Sin embargo, estos dos grupos tan aparentemente alejados, tienen algo en común, un deseo por lo prohibido: mientras los más grandes saltan una reja para ir a pescar y a fumar, los más chicos juegan en una casa abandonada. Ambos ingresan a espacios que, en principio, no estarían habilitados para ellos. Y ambos lo hacen con el mismo fin: divertirse con sus pares. Pero, ¿a quiénes reconocemos como nuestros pares? Los amigos, ¿se eligen? ¿Cómo ingresar a otro grupo de pertenencia? Habiendo algunas diferencias etarias, estas fluctuaciones parecen propias de sus dinámicas. Uriel, por caso, muestra cierta insatisfacción al notar que la relación con Isaías se enfría, intuyendo que hay una distancia que lo separa de los deseos y prácticas del grupo de «los grandes». Uriel quiere otra cosa y así lo hace notar cuando decide, en medio de una tormenta —porque aún no se han disipado—, apartarse de los otros.

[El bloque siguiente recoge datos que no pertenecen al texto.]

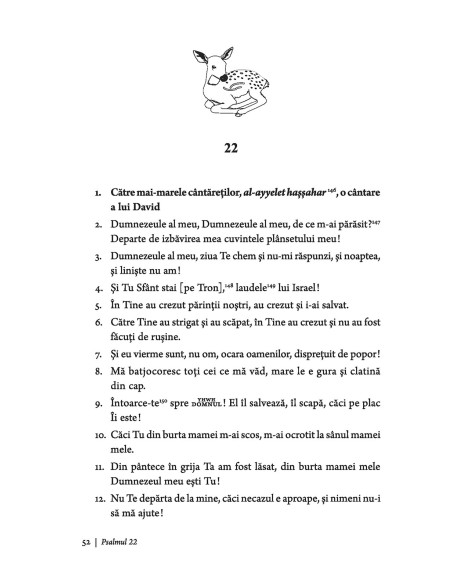 Cartea Psalmilor. Psalmii 1-50 (ediţie bilingvă)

Más allá de las relaciones concretas, están las reflexiones e imaginación de un niño, motivadas por su entorno. La poética de Yanco se completa, aquí, en dos movimientos: los textos leídos por Uriel y las imágenes y sonidos que lo acompañan. Al inicio del film, solo escuchamos una respiración agitada. Luego, unos pasos. Una cámara en mano nos devuelve una imagen oscura. Es casi imposible divisar algo. De repente, la voz clara y misteriosa de Uriel, dice: “Un puma no mata para comer. Mata porque puede. O a veces sí. Otras veces mata para matar. Porque está asustado. O porque es así”. Mientras tanto, escuchamos el sufrimiento de un animal, un hombre que le pregunta a otro si ya lo mató y alcanzamos a ver un cuchillo ensangrentado. La voz en off de Uriel irá proponiendo reflexiones sobre estas prácticas a lo largo de la película poniéndose, en ocasiones, en el lugar del puma. O equiparando al puma con el humano porque, en definitiva, cabe preguntarse: ¿Por qué mata el humano? ¿Obtendremos las mismas respuestas que las que nuestro narrador le adjudicaba a aquel animal en el inicio del relato?

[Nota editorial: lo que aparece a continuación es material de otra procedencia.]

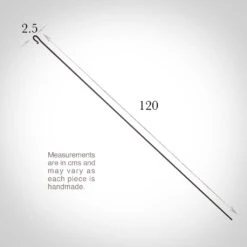 Fine Draw Rod In Matt Black -CURTAINS accessories Sale 6250mb 13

La formación de historiador de Yanco se hace notar en los textos de su autoría leídos por Uriel. Toda una cosmovisión se desprende de ese relato donde los animales y la naturaleza juegan un papel central, como el puma lo tiene para esta cultura. De esta manera, La vida en común —cuyo título remite a un libro del lingüista y filósofo Tzvetan Todorov— puede ser entendido como un documental que nos aproxima a la comunidad ranquel a partir de una profunda y respetuosa investigación que no se limita a observar a los otros desde una mirada distante, sino que intenta interpretar su densidad y, así, construir un relato con sus propios sujetos. Pero también puede ser vista como una ficción donde un niño piensa sobre las prácticas de su comunidad en medio de un conflicto con sus amistades. Como sea que se la interprete, La vida en común termina siendo un gratificante viaje.